(Data for review begins)

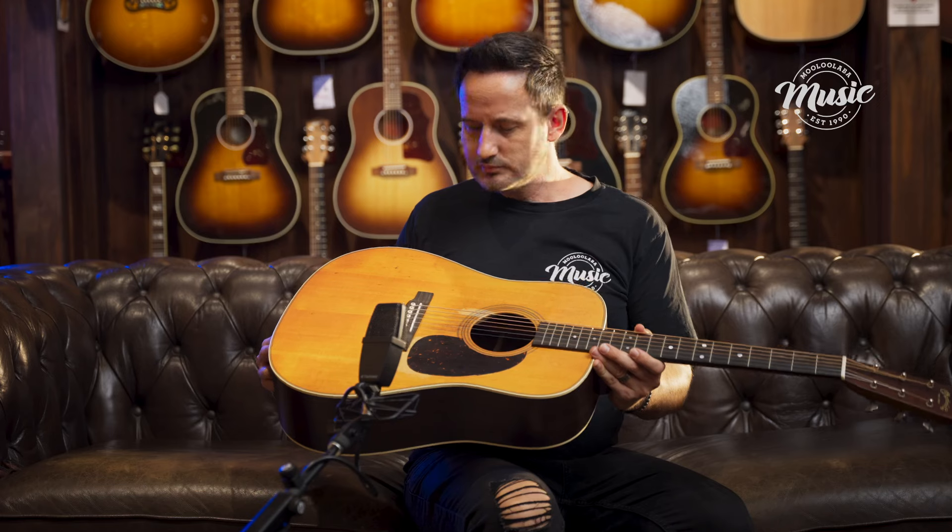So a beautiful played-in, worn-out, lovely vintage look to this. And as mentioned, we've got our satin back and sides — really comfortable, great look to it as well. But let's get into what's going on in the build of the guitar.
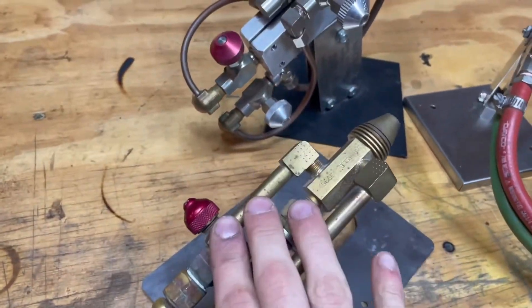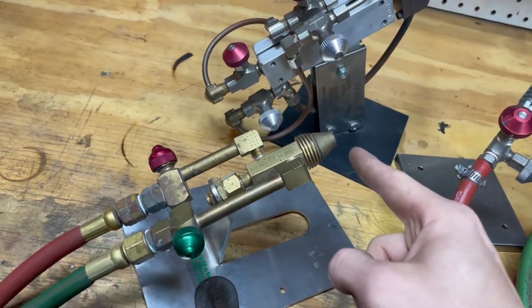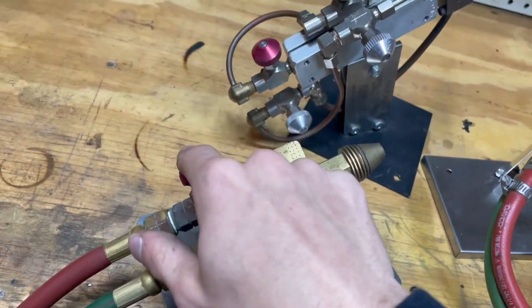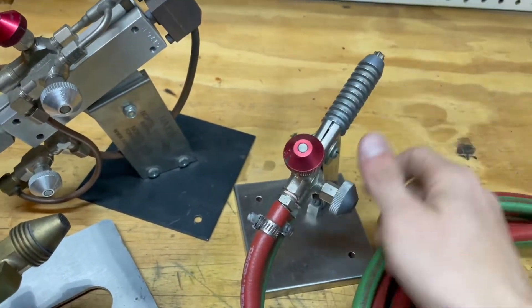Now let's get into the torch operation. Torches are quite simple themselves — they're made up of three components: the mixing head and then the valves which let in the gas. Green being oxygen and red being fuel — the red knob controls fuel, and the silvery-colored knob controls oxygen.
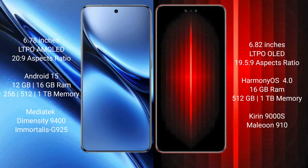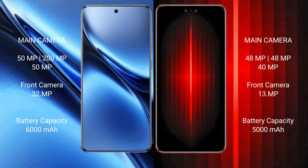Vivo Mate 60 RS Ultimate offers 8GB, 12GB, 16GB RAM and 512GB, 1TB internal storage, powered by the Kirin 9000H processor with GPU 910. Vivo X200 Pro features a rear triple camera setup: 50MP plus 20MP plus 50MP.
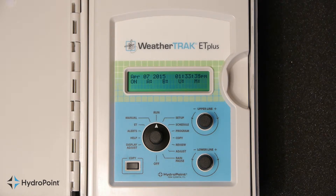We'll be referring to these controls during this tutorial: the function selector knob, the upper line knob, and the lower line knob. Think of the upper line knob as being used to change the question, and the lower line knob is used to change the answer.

(Data for review ends)
(Data for review begins)

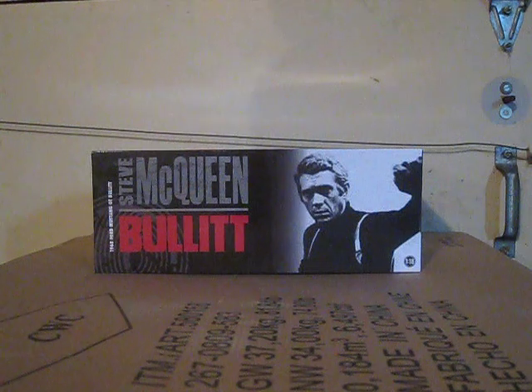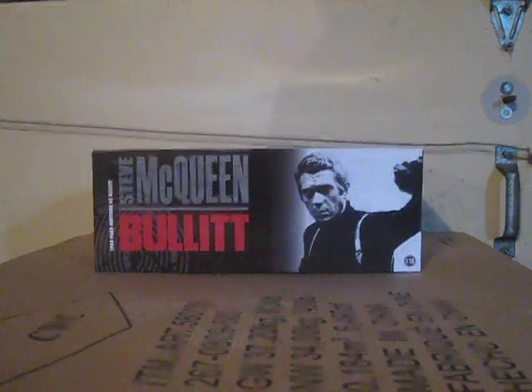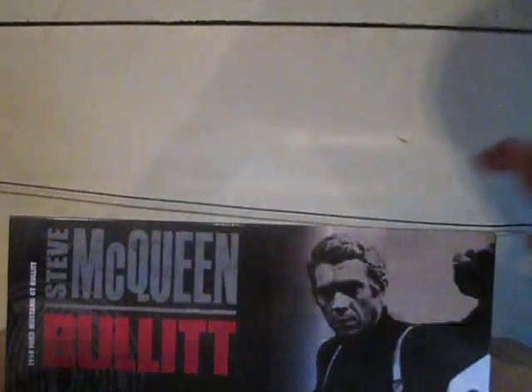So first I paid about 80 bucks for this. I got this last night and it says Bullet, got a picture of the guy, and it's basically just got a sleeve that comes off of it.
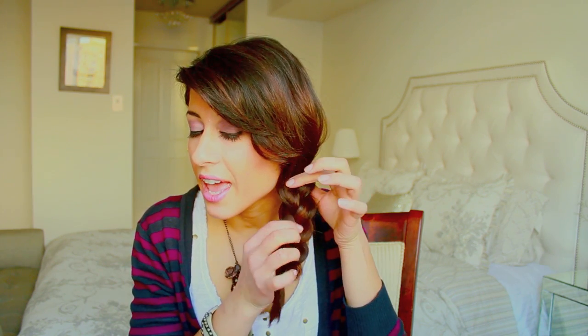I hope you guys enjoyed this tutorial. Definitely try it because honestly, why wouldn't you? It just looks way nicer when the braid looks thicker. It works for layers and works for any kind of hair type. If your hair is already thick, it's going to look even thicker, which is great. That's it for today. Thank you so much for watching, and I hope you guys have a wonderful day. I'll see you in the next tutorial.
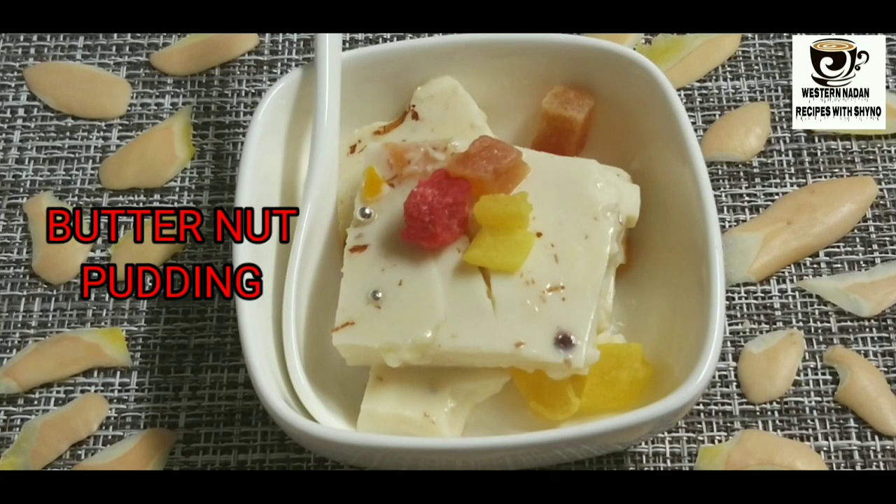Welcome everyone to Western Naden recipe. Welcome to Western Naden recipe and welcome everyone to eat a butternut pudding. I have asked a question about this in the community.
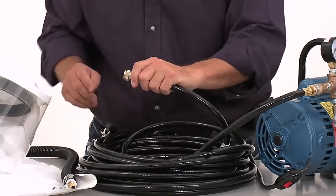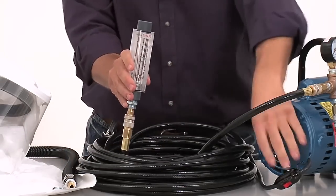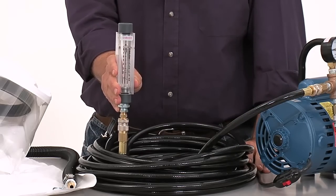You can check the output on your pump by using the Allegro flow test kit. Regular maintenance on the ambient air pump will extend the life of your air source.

(Data for review ends)
(Data for review begins)

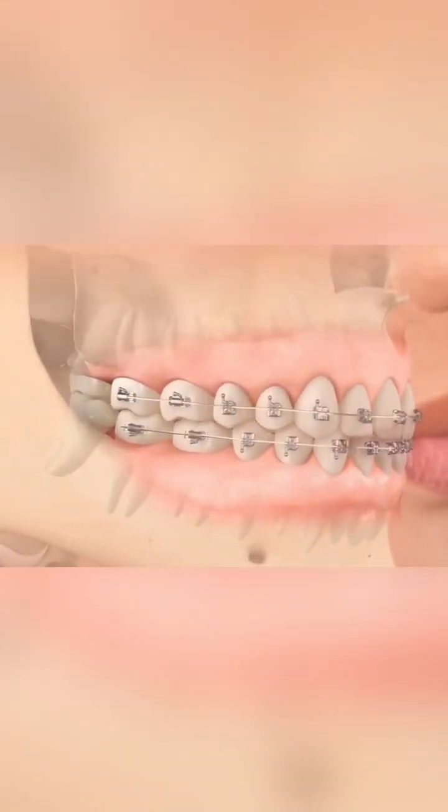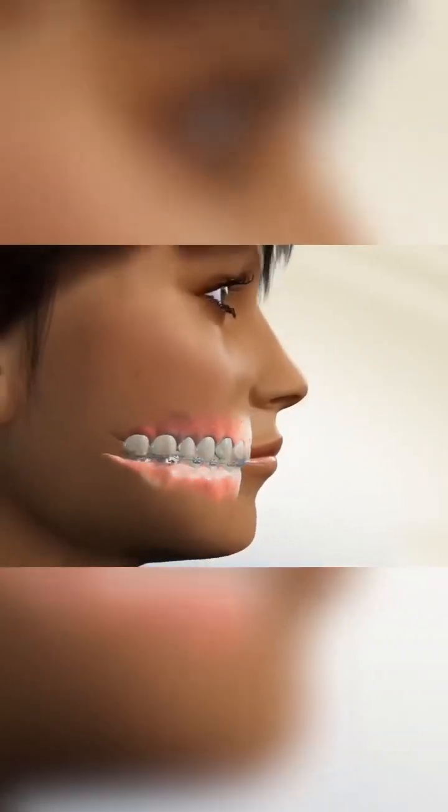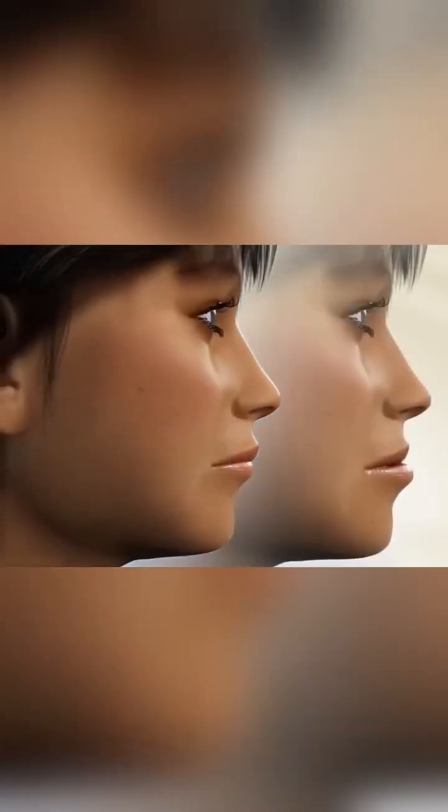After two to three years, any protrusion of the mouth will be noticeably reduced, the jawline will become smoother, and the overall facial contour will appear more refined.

(Data for review ends)

What should come back is an exact copy of the lines above from the line with "Vivo Mate 60" to the line with "We'll be referring", both included, minus the pictures.

◆ Worked solution ◆
Vivo Mate 60 RS Ultimate offers 8GB, 12GB, 16GB RAM and 512GB, 1TB internal storage, powered by the Kirin 9000H processor with GPU 910. Vivo X200 Pro features a rear triple camera setup: 50MP plus 20MP plus 50MP.
We'll be referring to these controls during this tutorial: the function selector knob, the upper line knob, and the lower line knob. Think of the upper line knob as being used to change the question, and the lower line knob is used to change the answer.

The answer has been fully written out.